Comparison of unamplified- and amplified targets
A typical sample for amplified Super SMART™ PCR-product yields a distribution of sizes from 500 bp-6000 bp with a peak centered at 900 bp (Clontech, Super Smart PCR cDNA Synthesis Kit User manual). A typical sample for amplified Message Amp™ aRNA yields a distribution of sizes from 250 nt-5500 nt with a peak centered at 1000–1500 nt (Ambion, Catalog #1752). The distributions of our amplified material agree well with the manufacturers' data (See Additional file 1 and 2). It has been reported that PCR amplification requires less RNA, is more reproducible and generates better target transcripts than linear amplification [5, 13], at least if the sequences are limited to the 3'- end. Linear T7 amplification has however been widely used when starting material is limiting. Recently some researchers have reported bias in their data. In some studies the bias is said to be of minor importance, systematic and reproducible, affecting all the samples in the same way and therefore potentially controllable in the normalization (e.g. to calculate fold change) [10, 14]. In other studies the bias from different amplification protocol is affecting the general ratios of gene expression [5, 12]. Part of the bias may arise from the T7 RNA polymerase's intrinsic nucleolytic activity that appears during extended incubation [15]. Other bias is maybe introduced owing to the characteristics of the individual transcripts.
We have found a preferential amplification of certain nucleotide sequences by the Super SMART™ PCR relative to a nonamplified target in earlier membrane array experiments, where the targets were prepared from the samples of lignified planings and nonlignified xylem scrapings (data not shown). The correlation (R2 ) between transcript abundance using unamplified and Super SMART™ PCR amplified targets was 0.77 for scrapings and 0.68 for planings.
Comparing five lines of Picea abies shoots where the first biological replicate consisted of unamplified targets and the second biological replicate consisted of targets amplified with T7 transcription we obtained a correlation of R2 = 0.74 (data not shown).

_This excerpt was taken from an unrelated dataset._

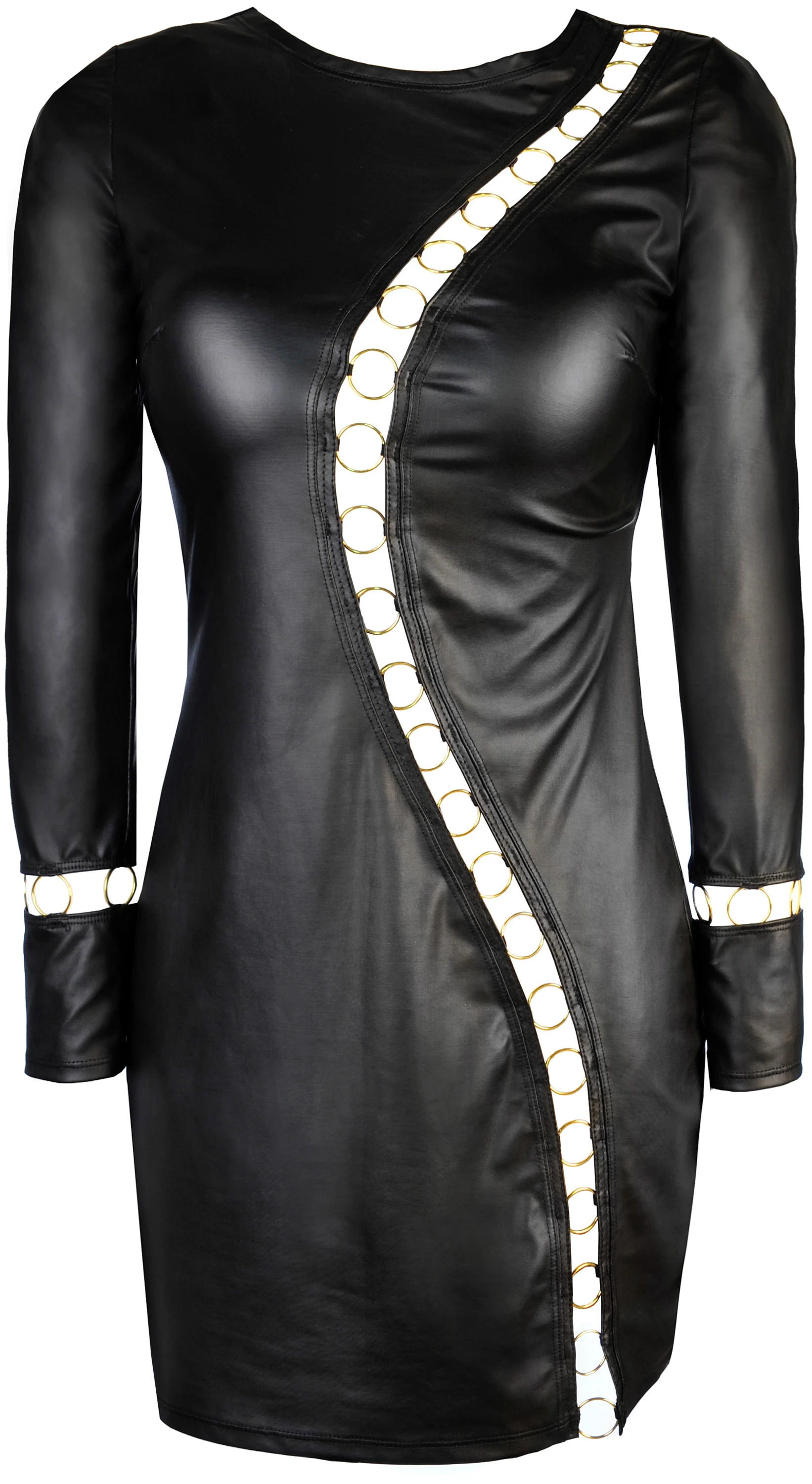 Axami Wetlook-Kleid: Figurbetonendes Design mit wellenförmigem Schnitt und goldfarbenen Akzenten, Partykleid Clubwear Schwarz V-10959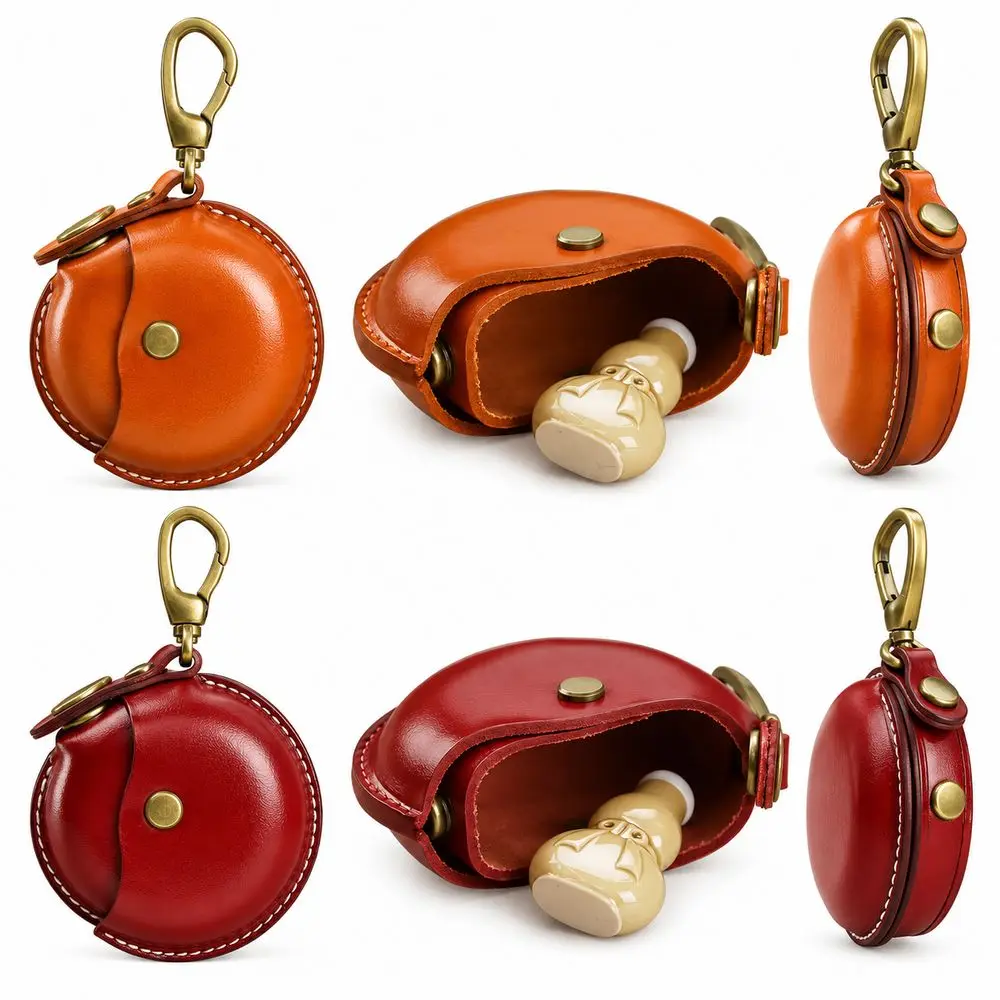 Gifts Retro Style Coin Purse Snap Closure Metal Clasp Cable Organizer Bag Contrast Stitching Solid Keychain Charm Bag Daily Use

Ambion has reported R2 = 0.87 [16] between technical repeats.
Plots of the individual gene transcript abundance of unamplified versus amplified target should give a straight line of slope 1 if the overall expression is preserved. However, there is some nonlinear behavior in both cases. For unamplified versus PCR amplified target the curve is generally nonlinear and lower abundance transcripts are under-represented and highly expressed transcripts are amplified better than average. For the unamplified versus T7 amplified targets a very small minority of highly expressed transcripts do not follow the linear slope of around 1.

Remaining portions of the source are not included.